Merlin set his package on her table and approached the alcove. She stopped beside the red curtain she used to hide the boy from prying eyes when anyone entered her bedchamber and then glanced at Merlin as he came to stand beside her.
Merlin stared down at the wounded child. The boy's breathing seemed regular but his skin had an unhealthy shine that indicated fever and the bloody bandages on his left shoulder smelled of infection.
"Has he said anything at all?"
Morgana shook her head. "Nothing." She raised her eyes to Merlin's. "He won't even tell me his name."
He caught his breath at the concern on her lovely face so close to his. Morgana was wearing the sapphire dress that made her eyes appear blue instead of green and her hair was loose around her shoulders.
Merlin scratched his head and moved away from her to lean against the wall on the opposite side of the alcove. "You know, for a moment there earlier, I- I thought you were going to hand us over to the guards." He grinned to show he would not have held it against her for refusing to harbour a mere servant and a fugitive.
"I'm glad you have so much faith in me, Merlin."
His face fell. "No, no, sorry. I meant, you're the King's ward. You're taking a huge risk helping the boy." He peeked up to find her eyes on him.
"I wouldn't see an innocent child executed." She looked down at the sleeping boy.
The tri-patterned swirls tattooed on his upper chest that marked him as a Druid rose and fell slowly with his shallow breathing.
"What harm has he ever done anyone?" she asked.
"Uther believes he has magic, and that makes him guilty."
Morgana looked back at Merlin with an angry frown. "Uther's wrong."
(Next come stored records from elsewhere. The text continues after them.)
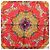 Hermès Foulard HERMES Carre 90 ""LUNA PARK"" in seta blu Auth 176081A - vista 6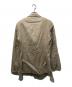 Nobuyuki Matsui (ノブユキマツイ) リネンダブルジャケット ベージュ サイズ:SIZE 3：10000円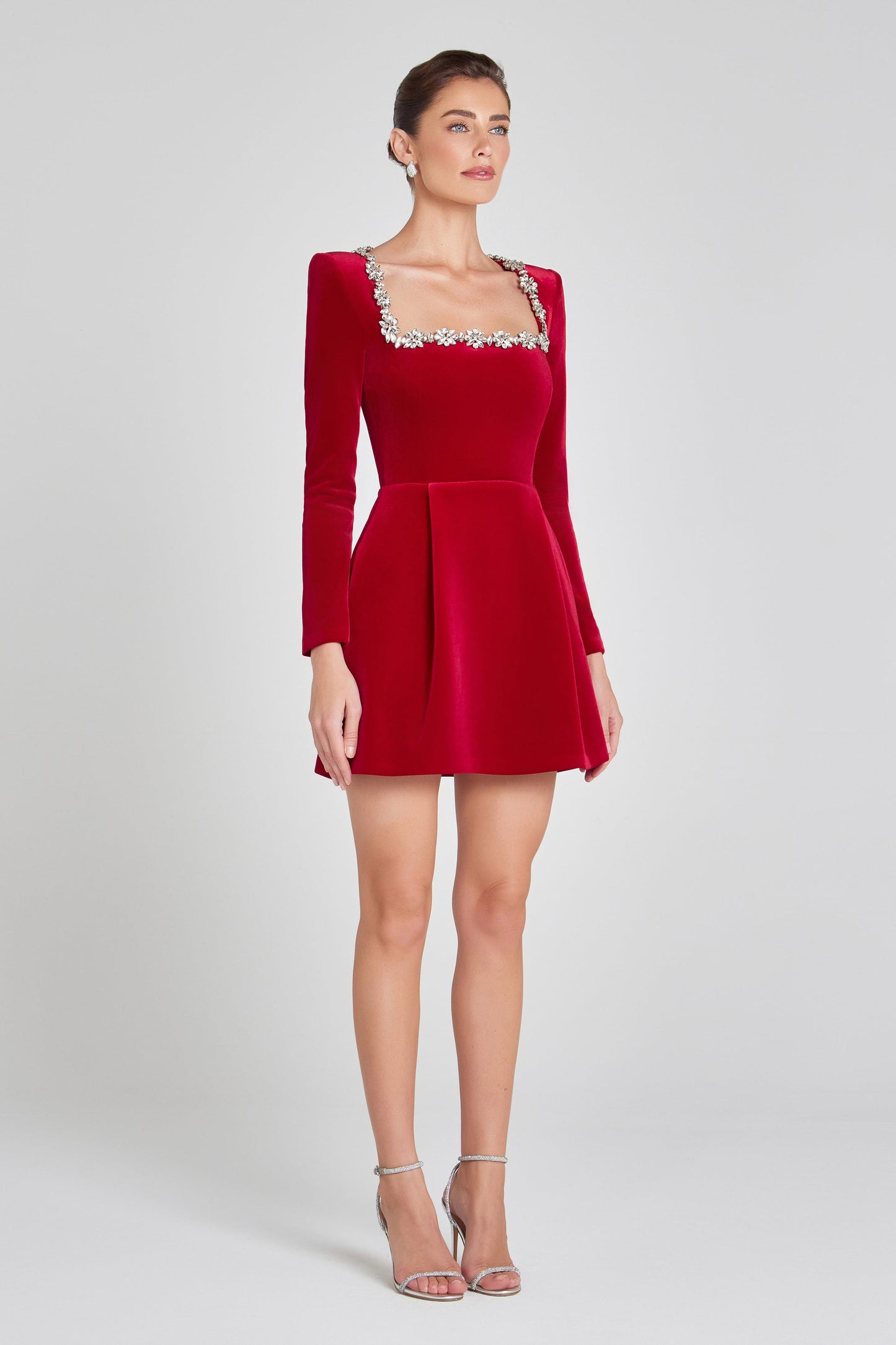 Crystal Mini Dress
Merlin's gaze jumped to her face at the passion in her voice. "You believe that?" Did she mean what she said? Would she accept him if she knew the truth about who he really was?
"What if magic isn't something you choose? What if it chooses you?"
His heart sped up. He could not tear his eyes away from her. She was the king's ward – beautiful, strong, perfect hair, fine clothes – yet entirely different from Uther or any other noble he had met in Camelot. She did not look down on this boy despite his lowly status and the likelihood that he had magic and she spoke with Merlin as though he was an equal, as if he was a trusted friend.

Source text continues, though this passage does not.